Firstly, I believe the key to establishing a sustainable business anywhere is to focus on the customer and ensure that you are creating value for them. Business to me is not only about buying 10 and selling for 11. That may pay the bills today, but it's too fragile a model for the way the world is moving.
My advice is to ensure that you are solving a customer's problem better than anyone else, and it had better be a problem that your customer cares about and is willing to pay you to solve. Focus 100% of your energies on delivering this.
The second lesson is keep experimenting. Take risks but make sure that they’re small risks that won’t sink the ship.
You will make mistakes, but my experience is that each mistake has a lesson which seeds the next success. Call it school fees and you will learn more from your mistakes than any school can teach you.
Lastly, if you want to succeed, you need to obsess over your business. There is no 9 to 5, no half-hearted efforts. It takes blood, sweat, tears and guts to succeed as an entrepreneur. If you love being an entrepreneur and want it bad enough, this is the most fun you’ll ever have.
How did you finance your business, how difficult or easy was the process?
I worked for an investment bank for many years and saved as much as I could. This was the seed funding for our business.
When did you know that you were an entrepreneur?

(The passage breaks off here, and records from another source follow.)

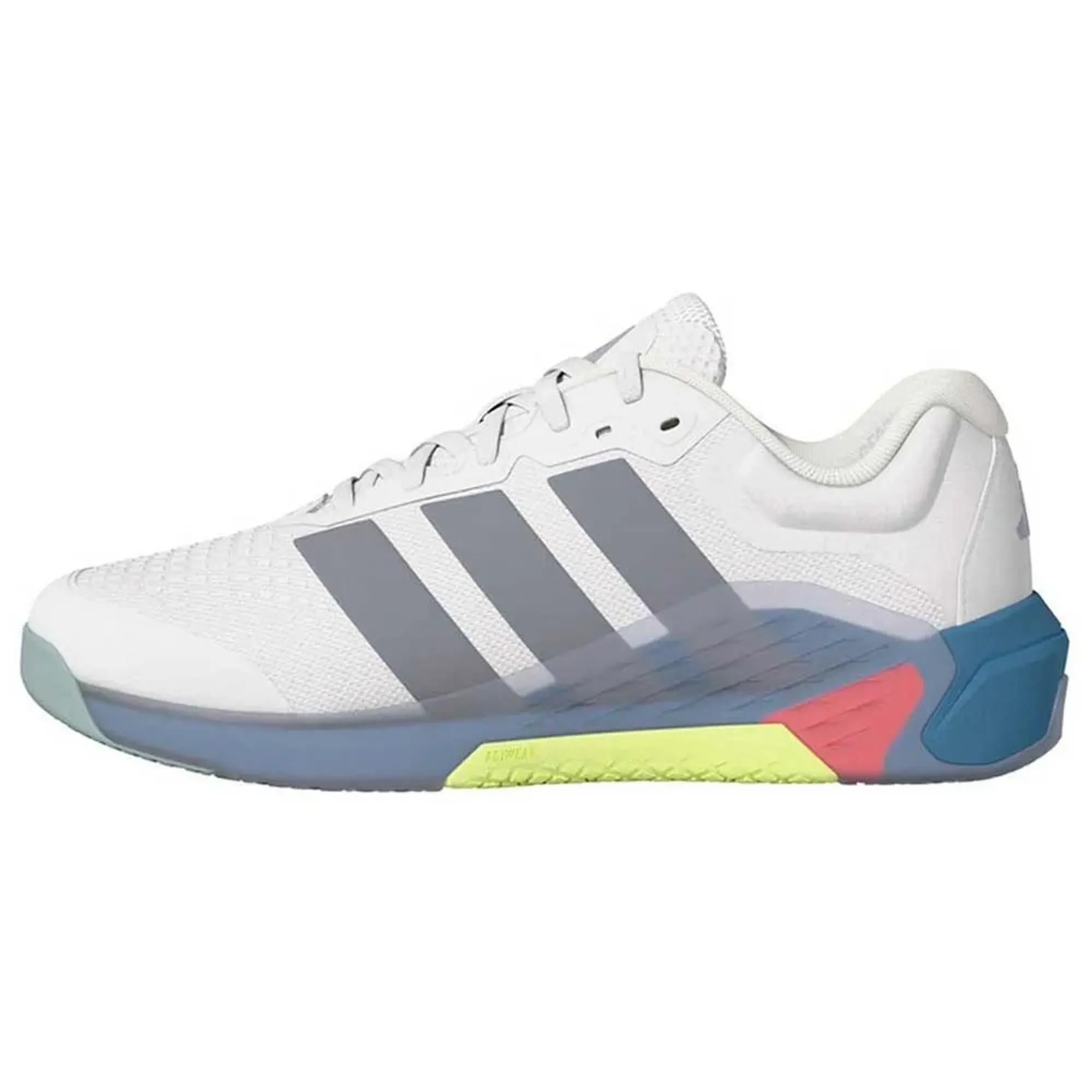 Adidas Dropset 4 Power Trainers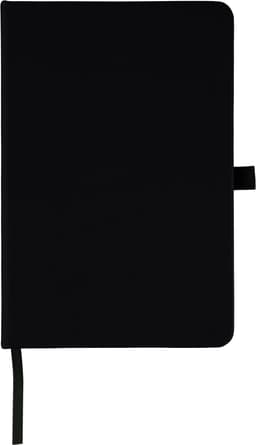 Product Inactive 13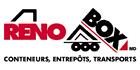 Renobox, Trois-Rivières, QC opening hours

The day I was born. As a kid, I would go to the shop with my late grandfather who used to sell watches and radios. I loved changing prices and seeing if I could sell more radios than the salesmen. I later started trading in electronics, jewellery and pretty much anything that I could.
Even when I started working at the bank, I was always trying new stuff and implementing systems. I think it’s in my blood.
"My job is to ensure that I create the environment, tools and ecosystem to give our teams the best chance of delivering"
How would you describe your leadership style?
I would say that I am a facilitative leader. I am very open to discussing any topic and I encourage vigorous debate.
No opinion is above challenge and I actively encourage people to challenge my own opinions. My job in this process is to get as many opinions on the table as possible and to encourage debate. In the end, we almost always come to an agreed decision based on the merits of each option. If we can’t, I propose a decision and lead all parties towards a mutually agreed path forward.
Once it’s agreed, everyone at the table owns it together and is accountable for taking it forward. My job is to ensure that I create the environment, tools and ecosystem to give our teams the best chance of delivering.
I have an amazing executive team and a very promising management layer underneath them. Their job is to make decisions and learn from their mistakes. I love encouraging the development of this brain trust.
What three pieces of advice would you offer young entrepreneurs starting out today?
- Create unique value for your customers. Think different, re-imagine the problem and find a unique solution that solves a real customer problem.
- Life is too short to do what everyone else is doing.
- Take calculated risks and make each experiment small. This is the best way to learn. You miss 100% of the shots you don’t take.
- Work your butt off. There is no half way, you can't kind of succeed. If you want to succeed as an entrepreneur you need to put your heart, soul, blood, sweat and tears into it.
What do you wish you had known starting out?
I wish I had known the first two points I mentioned above. My first product was a solution like many others which cost me 90% of my life savings and a lot of heartaches.
If I had known to focus on creating a differentiated solution that really creates value for customers, I would have saved myself a lot of hardship.
If I had known to experiment small and make small mistakes, maybe that 90% loss would have been smaller and I wouldn’t have had to sell my car. It’s a cool story to tell now, but it was anything but fun at the time.
And finally, do you believe in luck, hard work or both?
I believe in both luck and hard work plus smart work.